#### [Task to complete]
Only the lines in the entries below from the line with "Sell 1-room apartment." to the line with "AstonMartinLagondaVision_2018__03", both included, belong in the answer, transcribed exactly and without pictures.

#### [Supplied data]
________________

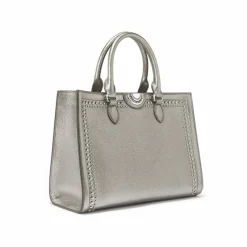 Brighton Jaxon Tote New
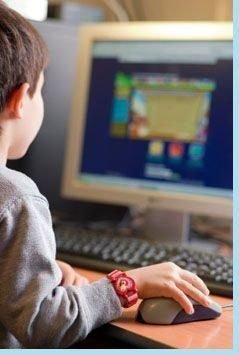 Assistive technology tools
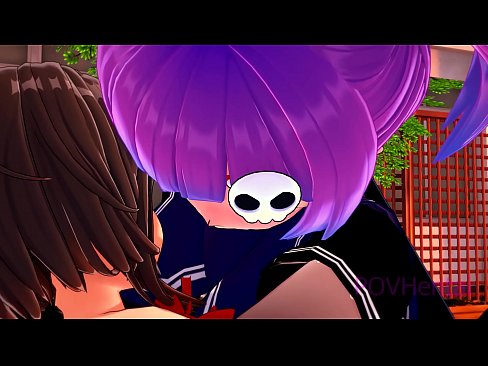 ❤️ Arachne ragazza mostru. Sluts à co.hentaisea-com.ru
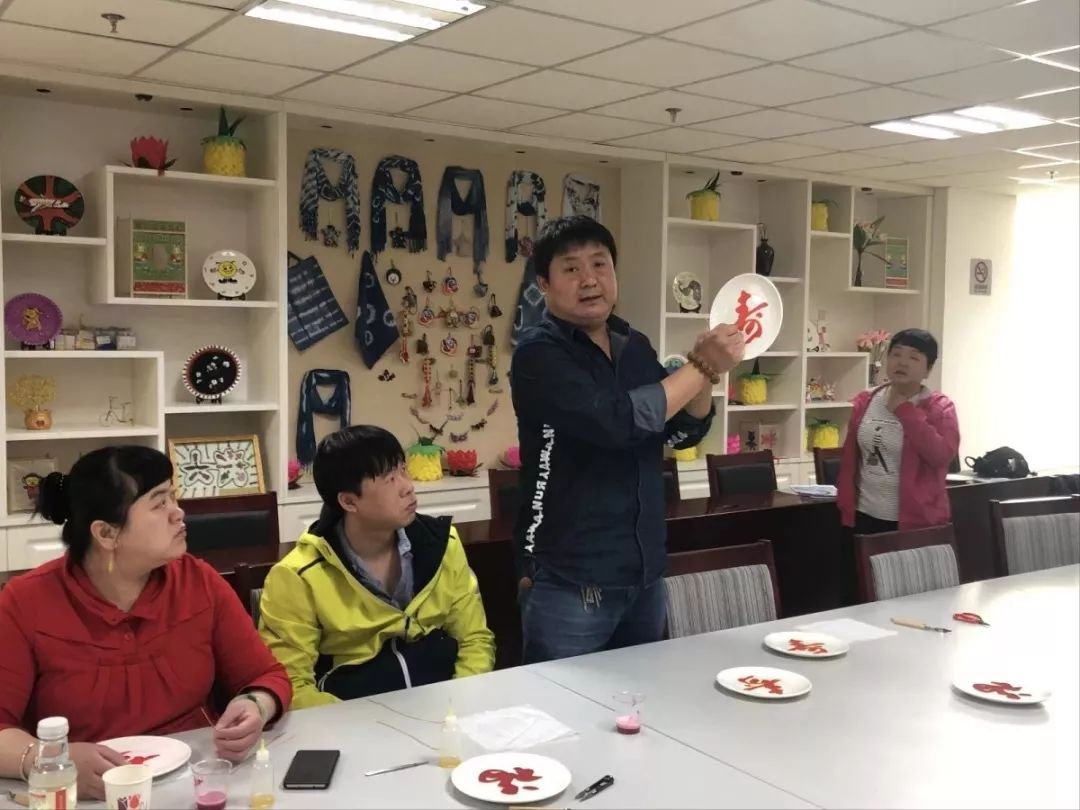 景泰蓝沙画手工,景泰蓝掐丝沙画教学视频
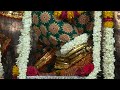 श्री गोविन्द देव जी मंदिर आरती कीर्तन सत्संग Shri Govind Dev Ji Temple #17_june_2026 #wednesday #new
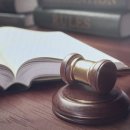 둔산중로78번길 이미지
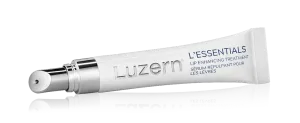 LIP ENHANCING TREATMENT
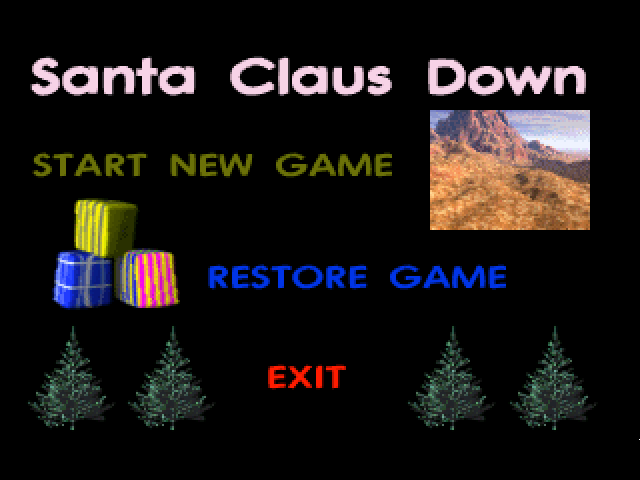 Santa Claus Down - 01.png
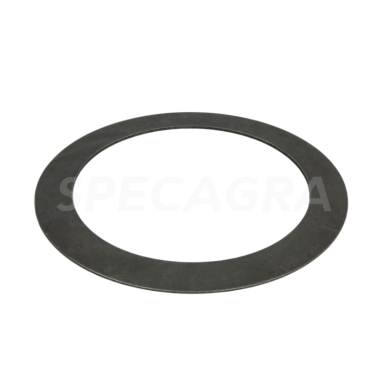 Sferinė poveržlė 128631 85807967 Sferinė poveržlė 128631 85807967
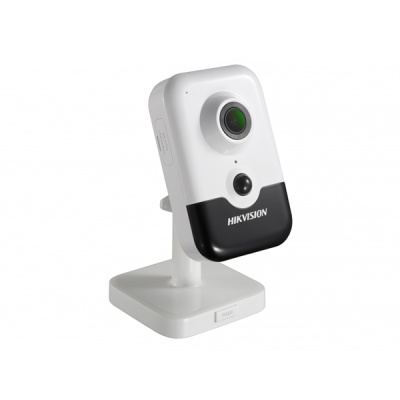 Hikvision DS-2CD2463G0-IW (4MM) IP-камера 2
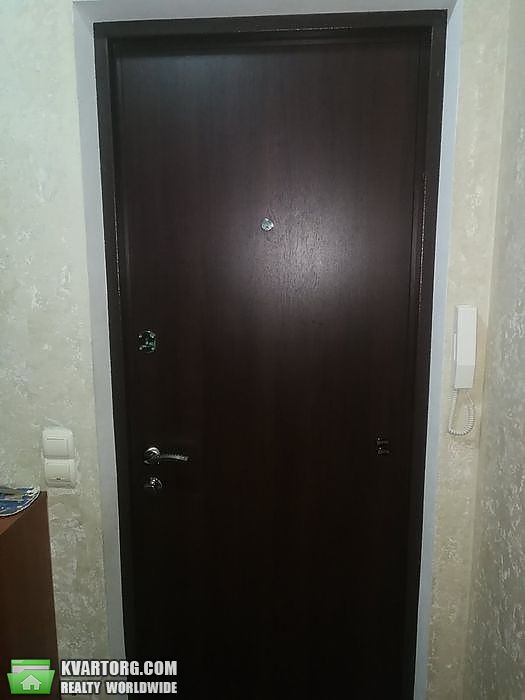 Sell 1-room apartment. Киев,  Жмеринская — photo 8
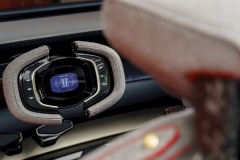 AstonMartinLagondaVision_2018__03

________________

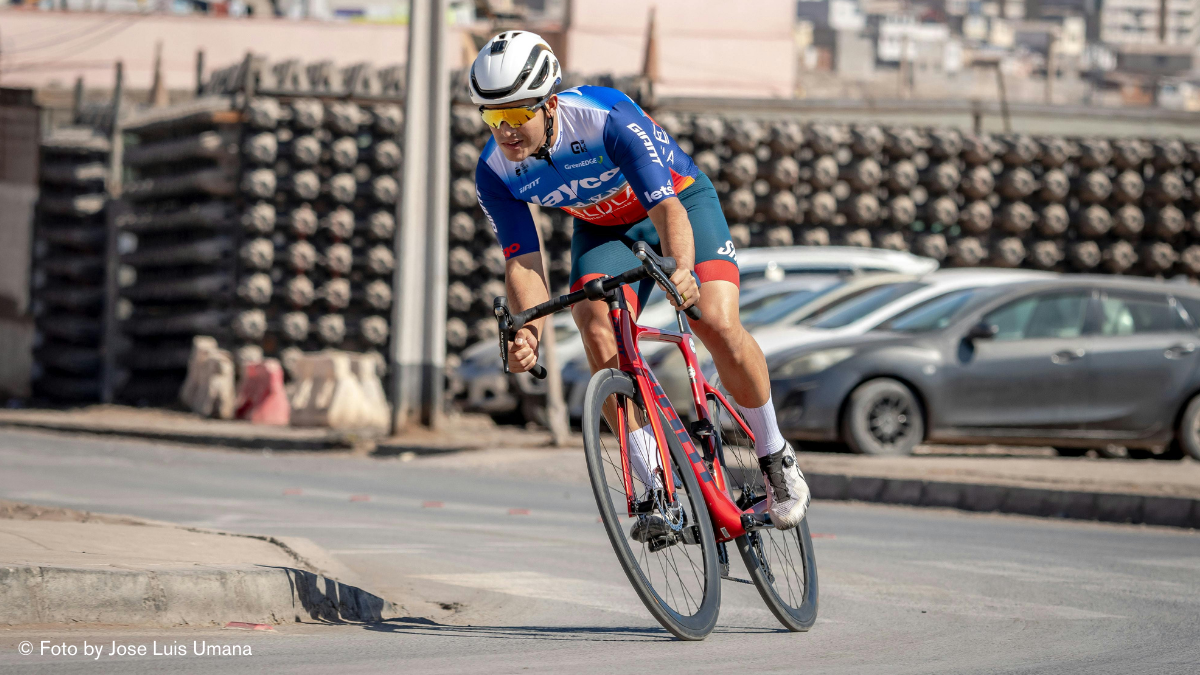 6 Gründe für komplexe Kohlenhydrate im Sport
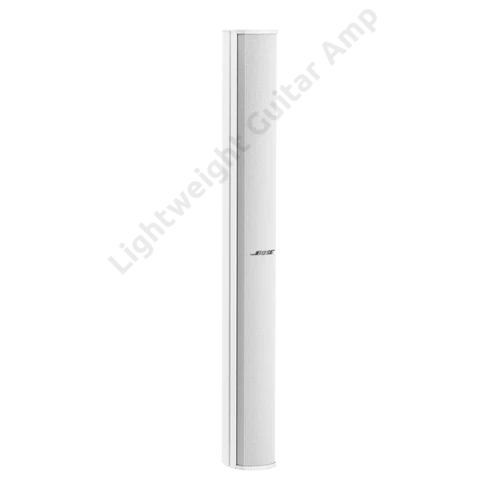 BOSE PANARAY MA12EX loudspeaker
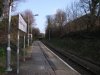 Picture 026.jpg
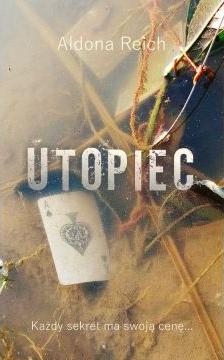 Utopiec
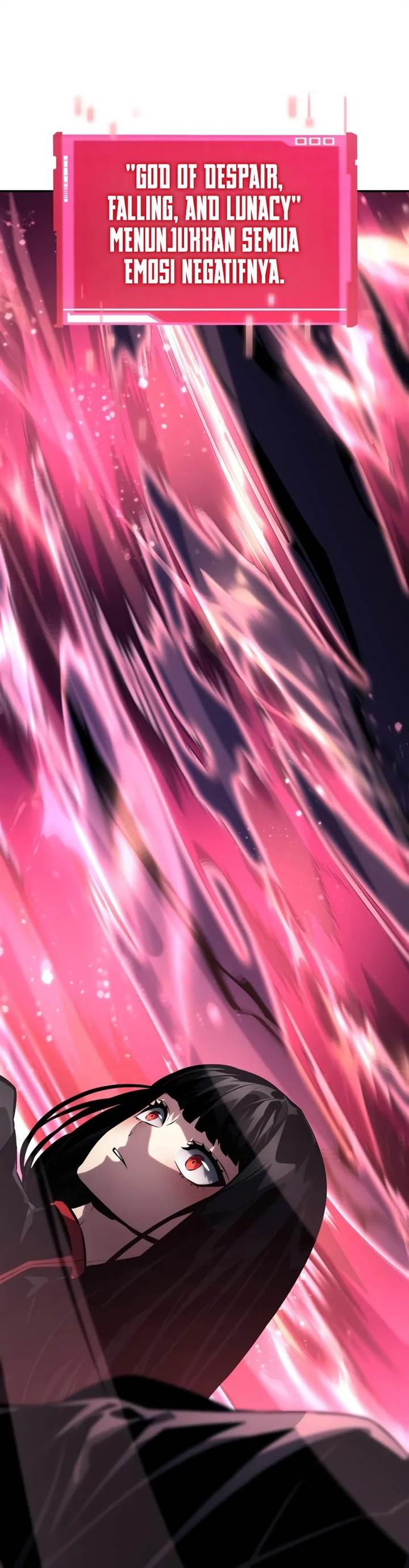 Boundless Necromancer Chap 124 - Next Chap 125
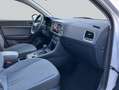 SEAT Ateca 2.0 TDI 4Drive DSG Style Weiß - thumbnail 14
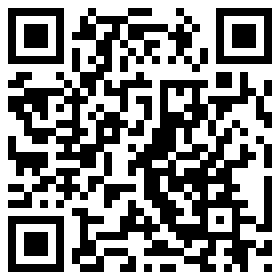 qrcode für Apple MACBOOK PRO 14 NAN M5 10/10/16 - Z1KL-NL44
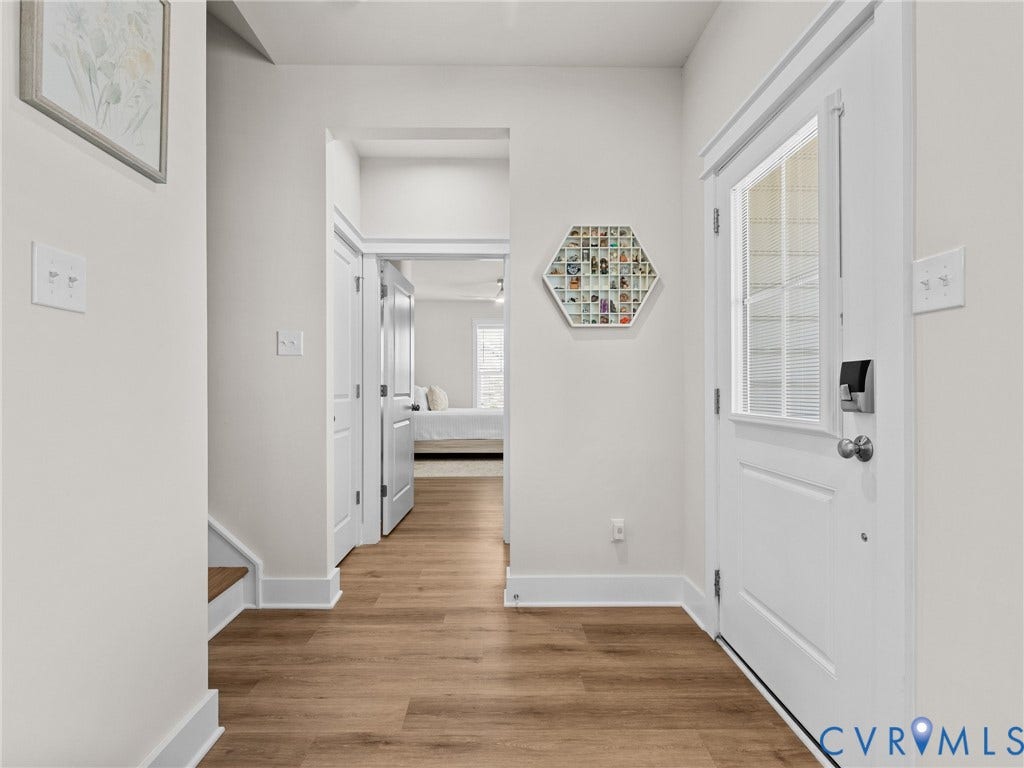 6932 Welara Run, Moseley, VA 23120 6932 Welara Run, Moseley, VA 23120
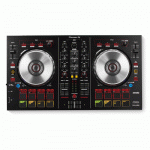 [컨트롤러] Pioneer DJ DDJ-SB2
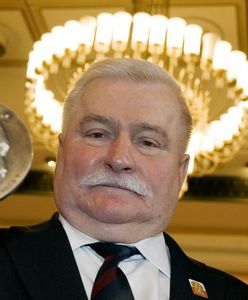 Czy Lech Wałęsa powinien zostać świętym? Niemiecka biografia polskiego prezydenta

________________

#### [Your response]
 Sell 1-room apartment. Киев,  Жмеринская — photo 8
 AstonMartinLagondaVision_2018__03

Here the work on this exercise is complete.